Strategy 3: Recognise and celebrate your team
Employees feel appreciated when they are recognised for their hard work and achievements. Celebrating both big and small wins lets employees know their work is valued. Having a sense of accomplishment and sharing that with your team members bonds the group and benefits everyone.
Some reasons to celebrate are:
- Completion of a project
- Work anniversaries
- Achieving a team goal, such as reaching a sales target
- Receiving higher ratings from customers
- The first-time accomplishment for a newer employee
Ask yourself, when was the last time you thanked someone for their contribution? Did you give them accolades when you presented their findings in a company-wide or client-facing report? Here are five easy-to-implement ideas for recognising your team members:
- Cater lunch or host a party for the team
- Hand out gift cards for a local coffee or spa
- Create unique awards for each team member and schedule a mini-awards ceremony
- Offer a personal day off as an award or recognition
- Share employee or team achievements on your social media
Strategy 4: Formalise mental health initiatives
This is about proactively prioritising mental health within your team, especially when you know employees need or deserve it. Do not wait until burnout is imminent. Consider what you can prescribe for your team in order for them to regularly reset and refresh—because mental health and self-care should be a part of everyone’s reality – it is not a privilege.

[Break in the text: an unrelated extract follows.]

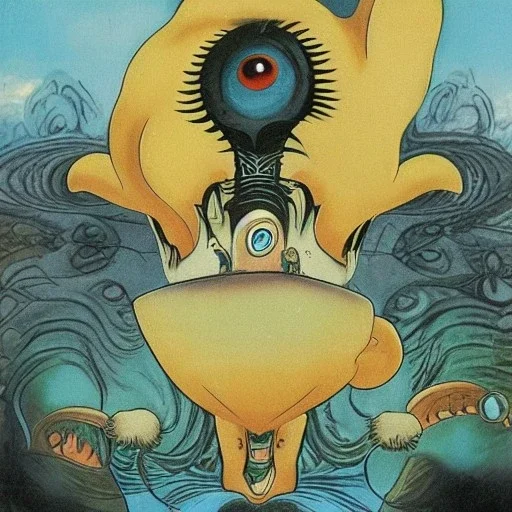  kaiju with five eyes and three ears by walt disney and dali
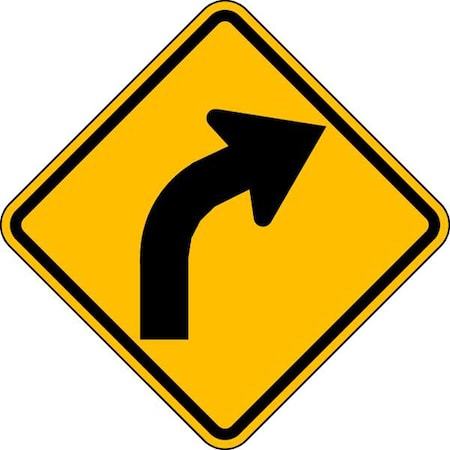 Right Curve Traffic Sign, 12 in Height, 12 in Width, Aluminum, Diamond, No Text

“It is vital to be a role model. Remember that your employees look up to you and will do what you do…”
It is vital to be a role model. Remember that your employees look up to you and will do what you do, especially as they do want to be seen as taking advantage at work. Everyone is different in the way they like to recharge their battery, so it is helpful to brainstorm with employees about the self-care practices that would be most meaningful to them. Consider scheduling regular self-care routines as part of the working day that make everyone active in their self-care. For example, schedule a mandatory “happy hour” each week where team members take an hour exclusively for themselves and report back how they’ve spent that time.
Watch out for any employees that exhibit a sudden change in thinking, behaviour or performance. If you are worried about an employee who appears to be struggling, it’s important to set up a meeting that won’t intimidate them. If you have no idea where to start, consult your organisation’s Employee Assistance Programme service provider and ask them to guide you. When it comes to navigating personal problems and issues it is of enormous benefit to team members for an organisation to provide an Employee Assistance Programme (EAP), offering free confidential clinical counselling to employees and their family members when they request it. It is important to regularly promote the services and confidentiality of your EAP to ensure that all employees are aware of this resource and their privacy in using it. Mandatory EAP counselling can be a useful management tool to prescribe when holding an employee accountable to improve on their productivity and output due to a personal issue they are overcoming.